Peter Singer 2009 beim  Veritas Forum auf dem  MIT Campus Foto: Sagescape~commonswiki Lizenz: CC BY 3.0

Peter Singer 2009 beim Veritas Forum auf dem MIT Campus Foto: Sagescape~commonswiki Lizenz: CC BY 3.0


Die Kampagne gegen den Philosophen Peter Singer zeigt Wirkung. Zunächst sagte der atheistische Philosoph Michael Schmidt-Salomon seine Laudatio auf Peter Singer anlässlich der Verleihung des »Peter-Singer-Preises für Strategien zur Tierleidminderung« ab.

Dieser Entscheidung haftet der Makel des Opportunismus an: Noch am 3.6.2011 hatte Schmidt-Salomon für die Giordano-Bruno-Stiftung in der Nationalbibliothek in Frankfurt eine Laudatio auf Singer gehalten.

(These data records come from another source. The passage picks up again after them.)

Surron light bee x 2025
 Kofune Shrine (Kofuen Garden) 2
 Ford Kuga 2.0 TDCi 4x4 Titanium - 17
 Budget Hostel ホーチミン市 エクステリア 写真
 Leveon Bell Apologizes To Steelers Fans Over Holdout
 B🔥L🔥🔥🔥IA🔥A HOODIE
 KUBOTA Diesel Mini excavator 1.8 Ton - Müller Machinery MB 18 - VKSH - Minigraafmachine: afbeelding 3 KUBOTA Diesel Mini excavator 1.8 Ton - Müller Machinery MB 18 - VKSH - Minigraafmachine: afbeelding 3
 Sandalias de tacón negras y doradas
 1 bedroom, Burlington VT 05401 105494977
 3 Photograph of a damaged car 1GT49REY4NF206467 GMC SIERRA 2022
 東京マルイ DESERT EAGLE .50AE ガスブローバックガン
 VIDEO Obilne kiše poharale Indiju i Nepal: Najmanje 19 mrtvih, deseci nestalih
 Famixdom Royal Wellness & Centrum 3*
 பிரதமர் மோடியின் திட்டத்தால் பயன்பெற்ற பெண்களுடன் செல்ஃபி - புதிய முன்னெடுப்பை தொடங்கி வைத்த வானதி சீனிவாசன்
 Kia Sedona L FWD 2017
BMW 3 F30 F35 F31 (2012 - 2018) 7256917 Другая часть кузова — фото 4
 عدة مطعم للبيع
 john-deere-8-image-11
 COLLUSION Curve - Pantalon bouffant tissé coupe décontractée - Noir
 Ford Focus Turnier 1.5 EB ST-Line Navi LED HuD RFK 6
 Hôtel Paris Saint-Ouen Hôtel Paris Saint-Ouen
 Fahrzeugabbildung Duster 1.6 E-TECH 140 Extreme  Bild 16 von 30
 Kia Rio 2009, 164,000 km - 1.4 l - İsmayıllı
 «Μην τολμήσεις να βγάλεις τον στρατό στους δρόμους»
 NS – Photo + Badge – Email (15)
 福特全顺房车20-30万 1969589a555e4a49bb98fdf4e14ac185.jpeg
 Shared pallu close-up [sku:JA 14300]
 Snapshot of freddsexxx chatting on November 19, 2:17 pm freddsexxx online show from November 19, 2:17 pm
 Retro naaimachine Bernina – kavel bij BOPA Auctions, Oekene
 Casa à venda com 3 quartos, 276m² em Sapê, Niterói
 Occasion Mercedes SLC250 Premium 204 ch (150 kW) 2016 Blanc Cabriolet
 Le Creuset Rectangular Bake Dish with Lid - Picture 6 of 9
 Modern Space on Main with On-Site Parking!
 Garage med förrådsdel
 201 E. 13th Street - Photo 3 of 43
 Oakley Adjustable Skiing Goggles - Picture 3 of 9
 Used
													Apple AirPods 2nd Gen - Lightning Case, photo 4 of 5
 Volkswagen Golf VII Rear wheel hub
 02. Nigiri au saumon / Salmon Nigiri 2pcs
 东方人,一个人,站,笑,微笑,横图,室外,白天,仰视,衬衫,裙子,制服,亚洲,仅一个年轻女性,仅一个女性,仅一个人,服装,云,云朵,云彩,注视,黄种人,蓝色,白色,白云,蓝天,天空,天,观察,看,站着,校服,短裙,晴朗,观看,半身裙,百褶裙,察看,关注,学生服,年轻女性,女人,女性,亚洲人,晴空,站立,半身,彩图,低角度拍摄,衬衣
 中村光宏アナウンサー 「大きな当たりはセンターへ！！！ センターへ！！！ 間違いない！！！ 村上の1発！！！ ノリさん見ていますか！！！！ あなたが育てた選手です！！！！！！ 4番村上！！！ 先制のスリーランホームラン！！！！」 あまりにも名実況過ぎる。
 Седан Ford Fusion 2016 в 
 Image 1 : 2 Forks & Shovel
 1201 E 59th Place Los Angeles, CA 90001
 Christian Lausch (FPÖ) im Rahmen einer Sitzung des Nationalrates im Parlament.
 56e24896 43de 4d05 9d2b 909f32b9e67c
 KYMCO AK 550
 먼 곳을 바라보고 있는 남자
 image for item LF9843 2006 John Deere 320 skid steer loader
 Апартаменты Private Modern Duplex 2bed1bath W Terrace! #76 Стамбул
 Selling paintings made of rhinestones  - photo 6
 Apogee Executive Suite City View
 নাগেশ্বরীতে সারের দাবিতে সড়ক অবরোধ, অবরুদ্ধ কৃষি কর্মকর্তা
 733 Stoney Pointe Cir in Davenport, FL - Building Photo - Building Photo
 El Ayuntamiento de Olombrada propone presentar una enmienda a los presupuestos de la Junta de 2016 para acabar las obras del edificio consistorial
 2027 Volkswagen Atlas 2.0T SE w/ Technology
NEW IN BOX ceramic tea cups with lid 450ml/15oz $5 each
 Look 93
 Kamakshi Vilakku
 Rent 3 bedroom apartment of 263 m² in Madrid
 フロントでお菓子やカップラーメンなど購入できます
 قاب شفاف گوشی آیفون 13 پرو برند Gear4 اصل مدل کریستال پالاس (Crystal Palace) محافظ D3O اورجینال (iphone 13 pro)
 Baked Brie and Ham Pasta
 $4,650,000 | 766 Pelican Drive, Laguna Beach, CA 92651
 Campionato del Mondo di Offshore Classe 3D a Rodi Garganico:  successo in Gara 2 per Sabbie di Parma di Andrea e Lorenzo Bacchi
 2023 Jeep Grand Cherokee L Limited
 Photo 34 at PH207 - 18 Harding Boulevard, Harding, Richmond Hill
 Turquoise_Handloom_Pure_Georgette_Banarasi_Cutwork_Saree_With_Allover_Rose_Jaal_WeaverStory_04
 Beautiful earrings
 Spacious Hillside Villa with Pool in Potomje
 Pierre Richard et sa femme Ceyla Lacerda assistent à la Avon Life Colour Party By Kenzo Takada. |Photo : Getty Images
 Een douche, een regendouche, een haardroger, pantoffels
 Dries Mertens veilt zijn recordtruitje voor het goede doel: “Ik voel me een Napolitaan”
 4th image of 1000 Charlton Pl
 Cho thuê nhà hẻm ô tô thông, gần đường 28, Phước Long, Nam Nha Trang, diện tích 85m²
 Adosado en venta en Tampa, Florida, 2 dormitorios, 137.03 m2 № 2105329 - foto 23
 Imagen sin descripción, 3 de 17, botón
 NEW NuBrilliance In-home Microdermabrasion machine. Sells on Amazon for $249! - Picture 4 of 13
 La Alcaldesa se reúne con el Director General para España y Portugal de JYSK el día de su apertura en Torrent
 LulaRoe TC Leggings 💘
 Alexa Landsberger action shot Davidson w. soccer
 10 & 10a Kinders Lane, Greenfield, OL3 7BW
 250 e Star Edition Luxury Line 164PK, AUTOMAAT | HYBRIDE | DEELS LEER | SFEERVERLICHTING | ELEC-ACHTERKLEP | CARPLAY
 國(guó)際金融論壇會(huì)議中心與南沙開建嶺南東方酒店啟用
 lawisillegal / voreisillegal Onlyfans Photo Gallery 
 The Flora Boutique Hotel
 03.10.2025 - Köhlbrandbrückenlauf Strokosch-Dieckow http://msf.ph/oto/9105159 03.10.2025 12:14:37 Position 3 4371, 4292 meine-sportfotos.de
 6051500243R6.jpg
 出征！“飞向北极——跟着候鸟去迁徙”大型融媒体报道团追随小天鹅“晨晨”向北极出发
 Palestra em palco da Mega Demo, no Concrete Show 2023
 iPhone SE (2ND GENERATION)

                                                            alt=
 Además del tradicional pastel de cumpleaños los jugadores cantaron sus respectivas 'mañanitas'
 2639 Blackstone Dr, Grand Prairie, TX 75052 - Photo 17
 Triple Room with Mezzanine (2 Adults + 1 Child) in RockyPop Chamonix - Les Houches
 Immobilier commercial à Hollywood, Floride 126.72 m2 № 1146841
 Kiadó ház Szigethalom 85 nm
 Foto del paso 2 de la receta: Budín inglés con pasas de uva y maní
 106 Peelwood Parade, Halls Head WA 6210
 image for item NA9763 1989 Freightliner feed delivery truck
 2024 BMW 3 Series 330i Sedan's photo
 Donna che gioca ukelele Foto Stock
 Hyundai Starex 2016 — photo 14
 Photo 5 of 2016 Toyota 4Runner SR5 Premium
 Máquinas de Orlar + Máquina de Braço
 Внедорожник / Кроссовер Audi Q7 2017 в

Nun erklären auch die Veranstalter der phil.COLOGNE den umstrittenen Philosophen Peter Singer zur persona non grata. Im Gegensatz zu Schmidt-Salomon verzichten die Verantwortlichen der phil.COLOGNE weitestgehend auf Argumente.

Sie erklärten wörtlich:

»Köln, den 27.05.2015 – Die Verantwortlichen des Internationalen Philosophiefestes phil.COLOGNE bedauern, die Veranstaltung mit Peter Singer in Köln kurzfristig absagen zu müssen.

Der australische Philosoph war eingeladen worden zu der Veranstaltung „Retten Veganer die Welt?“. Die Minderung des Tierleids war und ist für Singer ein wichtiges Ziel einer zeitgemäßen Ethik. Die Debatte über die Grundrechte auch für nichtmenschliche Wesen erschien hochaktuell und spannend, so dass mit Singer einer der einflussreichsten Philosophen zu diesem Thema eingeladen wurde.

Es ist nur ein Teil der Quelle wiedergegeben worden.